Type-A Personalities and Tobacco
Sorry America, Korea has beat us once again. Throughout the world, America is known as the country where the people are always moving. We check our watches 60 times a minute, we have an incredible amount of incessant, jingling alarms set on our phones to remind us about everything from business meetings to successful bowel movements, and if our coffee takes longer than 15 seconds to move from the machine to our hands (God forbid) then that will be just one more unsuspecting barista’s head that gets mounted on the wall dedicated to service industry workers who have been proven guilty as traitors to time-efficiency and streamlining. Phew. Deep breath.
As you may remember from a previous post, I have started collecting cigarette packs from various stores around Korea. Now, although I don’t smoke, I do think trying these great inventions would be a fun adventure in itself.
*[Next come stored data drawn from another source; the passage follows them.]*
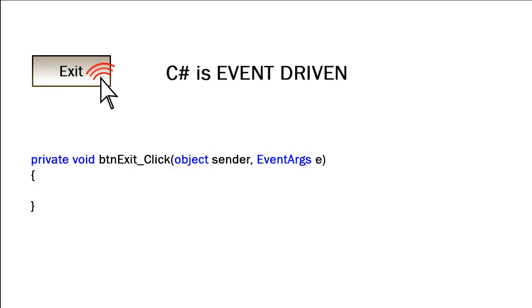C-Sharp is an event-driven programming environment. In coding a C-Sharp program, we would have blocks of code known as procedures that are linked to various events, and when that event is triggered, the code in that procedure is executed.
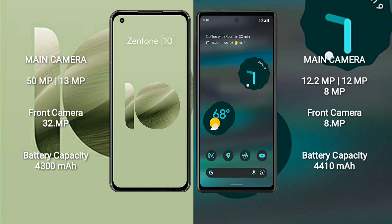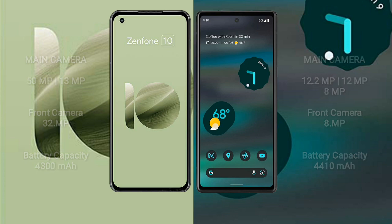Google Pixel 6a has a rear dual-camera setup of 12.2MP plus 12MP, and an 8MP front camera. Asus Zenfone 10 has a 4300mAh battery with 30W fast charging support. Google Pixel 6a has a 4410mAh battery with 18W fast charging support.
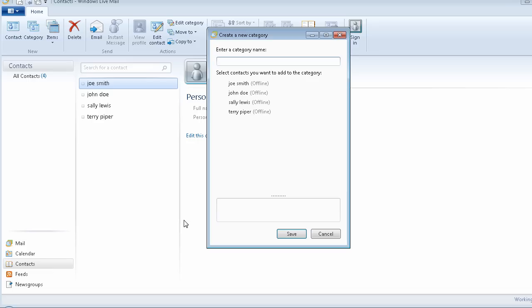So I'm going to create a new name for this category, or group — it used to be called a group. I'm going to call it "men", for lack of a better term. Now I'm going to tab once, and it's going to take me to the list of contacts that I have.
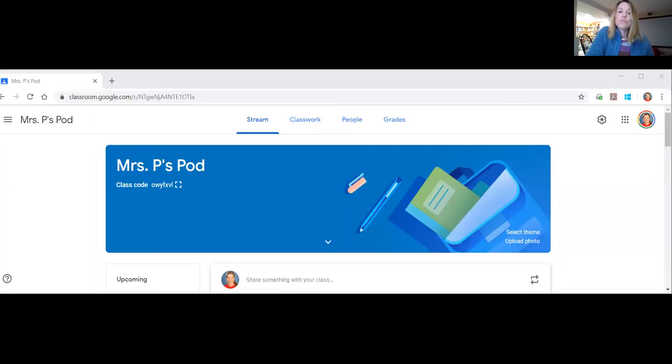I wanted to show you just kind of how to navigate Google Classroom a little bit more, just to make sure everybody kind of understands how it works. So I'm going to share my screen with you and I'm going to go into our Google Classroom, which I'm pretty sure everybody is into.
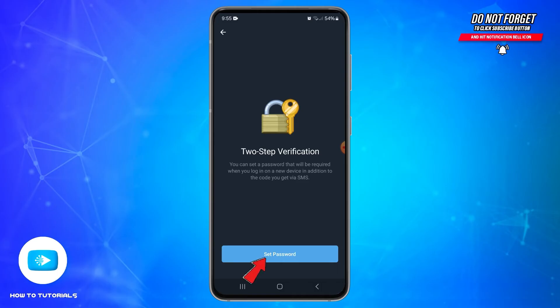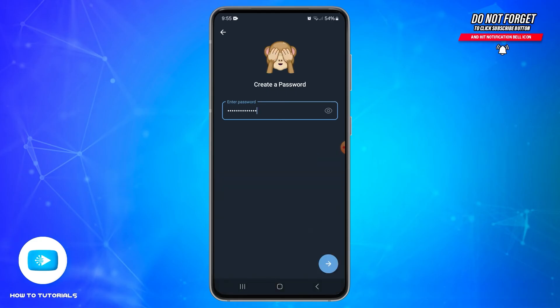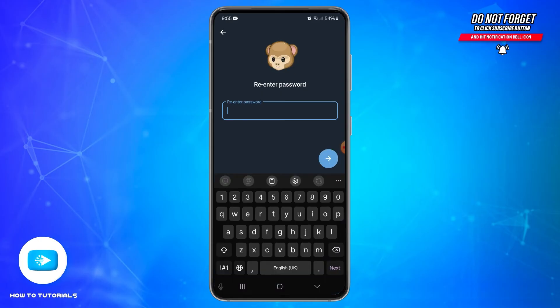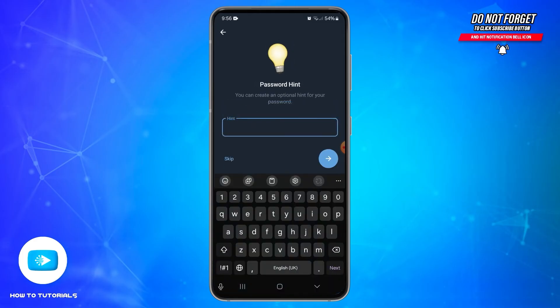Tap on the Two-Step Verification option, then tap the Set Password button. Here you will need to create a strong password. After creating a password, tap the arrow icon at the bottom right, then re-enter your password. Tap the arrow button again, and then set a hint for your password — you can also skip this option by tapping Skip on the left side.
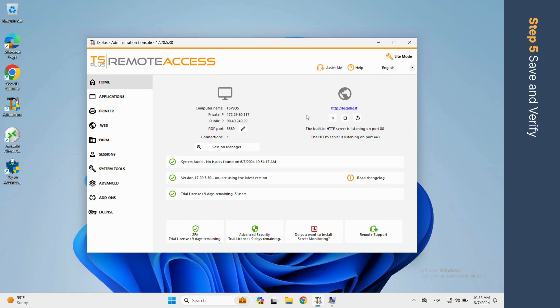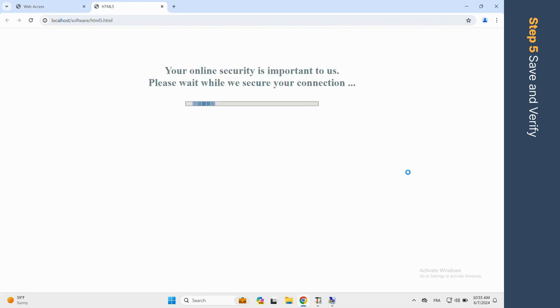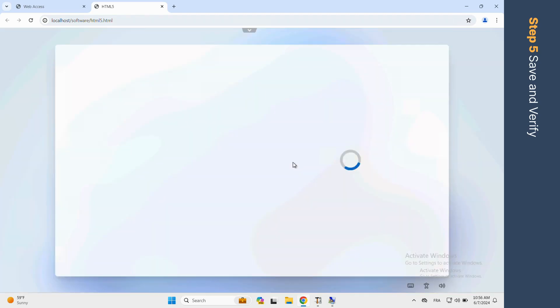Now check that the user can log in and access authorized resources by following the link on the admin tool main page. Here you are.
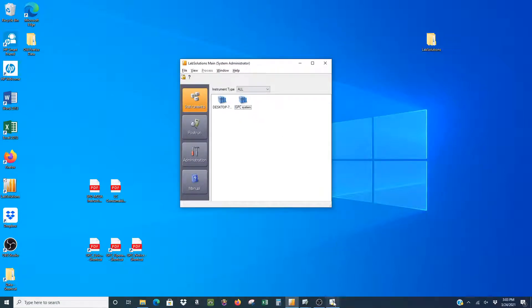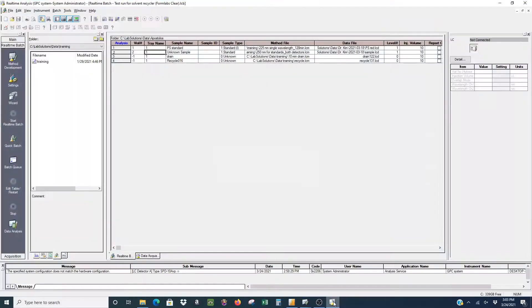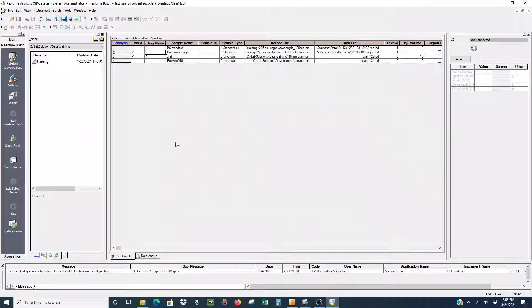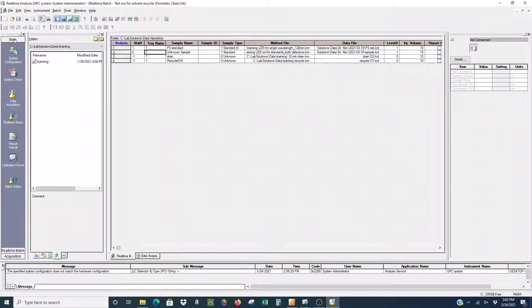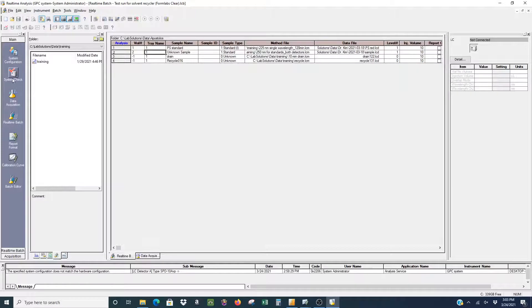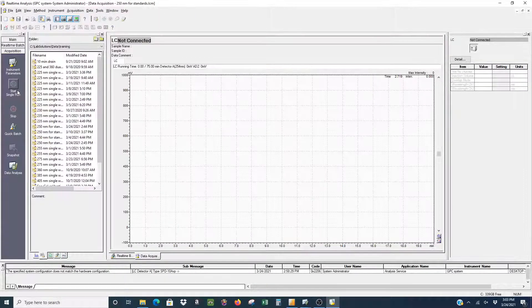This will open another window. In this window, you have to go to the main and then Data Acquisition on the left-hand side.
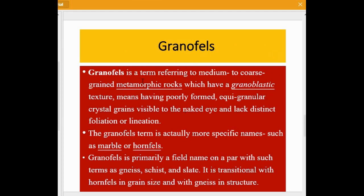Granofels is a term referring to medium to coarse-grained metamorphic rocks that have a granoblastic texture, meaning they have poorly formed, equigranular crystal grains visible to the naked eye, and lack distinct foliation or lineation. The term granofels encompasses more specific rock names such as marble or hornfels.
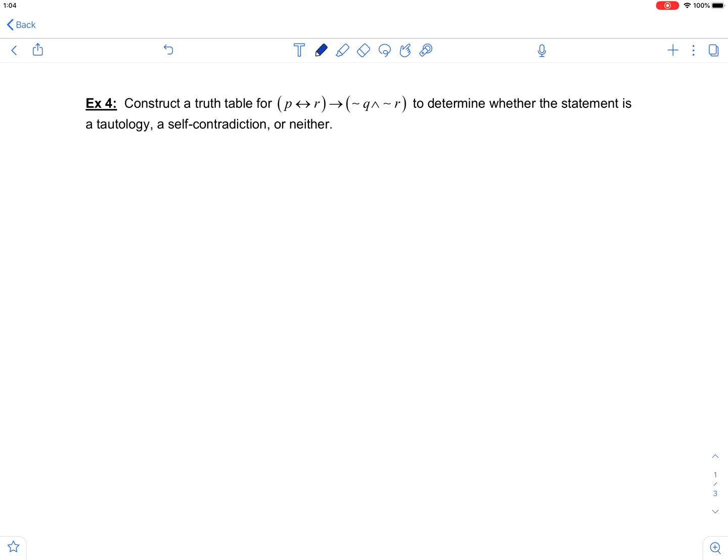In this example, we are asked to construct a truth table for the given statement to determine whether the statement is a tautology, a self-contradiction, or neither. A tautology will have all trues in the final column, a self-contradiction will have all falses in the final column, and any other combination would be neither.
If nothing else, it would be an interesting item to add to the list, and then subsequently check off. My two newest packs of “death-sticks” prove the above sentiment that Korea has now moved to the top of countries that just doesn’t have time to sit and
smell the roses blacken their lungs.
Everytime I look at these cigarettes I just wish they had been made earlier. I mean, think of how much more land Sir Francis Drake could have pillaged and how many more stories Ernest Hemingway could have wrote if he had only had these cigarettes. I mean, drinking time would have halved and smoking and pillaging/writing would have increased; Pure puffing of straight efficiency. Plus, one more bonus would be that there would be about 1 million bartenders whose lives would be better not having to crush mint leaves for 5 min every time someone needs their minty fix.
FINALLY, I cannot tell you how much time I have wasted having beans shipped over from Guatemala, ground up, and then blended with my tobacco so I don’t have to waste time boiling water in the morning…no, no, shipping stuff over and repackaging it in a tube is much easier. These cigarettes are totally going to revolutionize the workplace. Smokers who take a “quick five” to take a puff outside are going to come back inside and ready to knock out a pile of TPS reports (whatever those are). Now, I’m a bit dissapointed in the package design. I think we can all agree that if that cat had a fedora and a cigarette in its mouth then it would be much more attractive to consumers…hell, I would start smoking if there was a cat that looked like Tom Waits on the front.